Top of AVAILABLE DATA
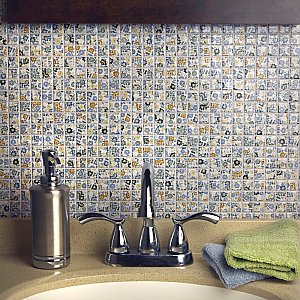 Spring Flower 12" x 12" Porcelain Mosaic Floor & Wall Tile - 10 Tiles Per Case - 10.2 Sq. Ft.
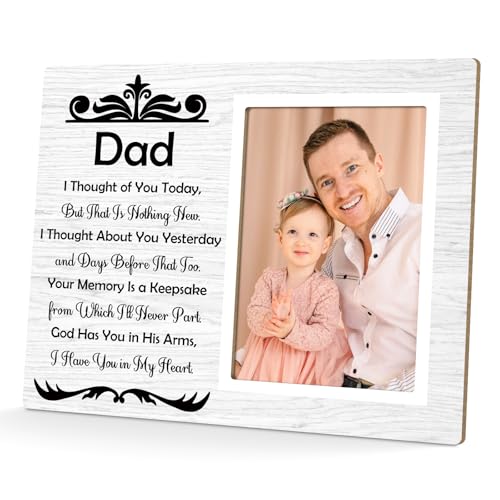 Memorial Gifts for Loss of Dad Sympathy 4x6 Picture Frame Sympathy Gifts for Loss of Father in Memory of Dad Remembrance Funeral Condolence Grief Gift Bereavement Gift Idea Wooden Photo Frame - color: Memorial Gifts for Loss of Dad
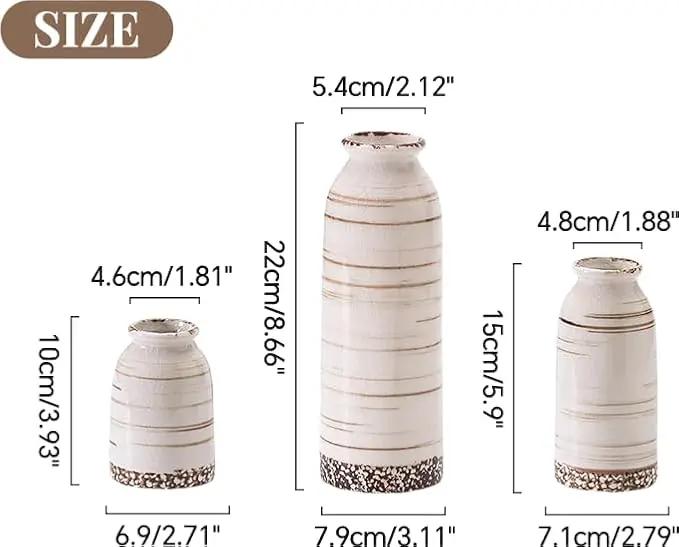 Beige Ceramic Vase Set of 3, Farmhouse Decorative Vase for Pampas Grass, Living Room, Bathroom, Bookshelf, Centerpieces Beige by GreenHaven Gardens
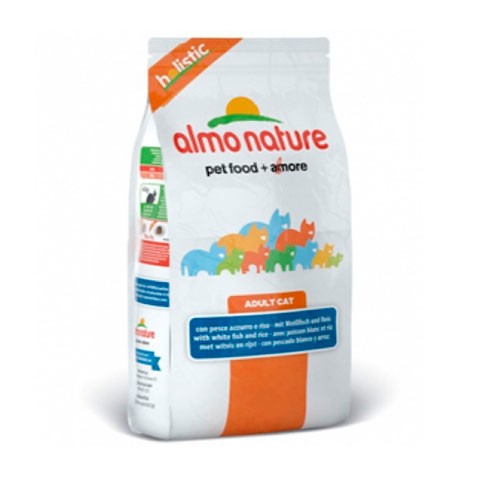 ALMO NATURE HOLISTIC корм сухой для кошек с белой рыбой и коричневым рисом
Bottom of AVAILABLE DATA
_TRY IT:_
Would you print all of the material exactly as written, minus the pictures?

_PROBLEM SOLUTION:_
 Spring Flower 12" x 12" Porcelain Mosaic Floor & Wall Tile - 10 Tiles Per Case - 10.2 Sq. Ft.
 Memorial Gifts for Loss of Dad Sympathy 4x6 Picture Frame Sympathy Gifts for Loss of Father in Memory of Dad Remembrance Funeral Condolence Grief Gift Bereavement Gift Idea Wooden Photo Frame - color: Memorial Gifts for Loss of Dad
 Beige Ceramic Vase Set of 3, Farmhouse Decorative Vase for Pampas Grass, Living Room, Bathroom, Bookshelf, Centerpieces Beige by GreenHaven Gardens
 ALMO NATURE HOLISTIC корм сухой для кошек с белой рыбой и коричневым рисом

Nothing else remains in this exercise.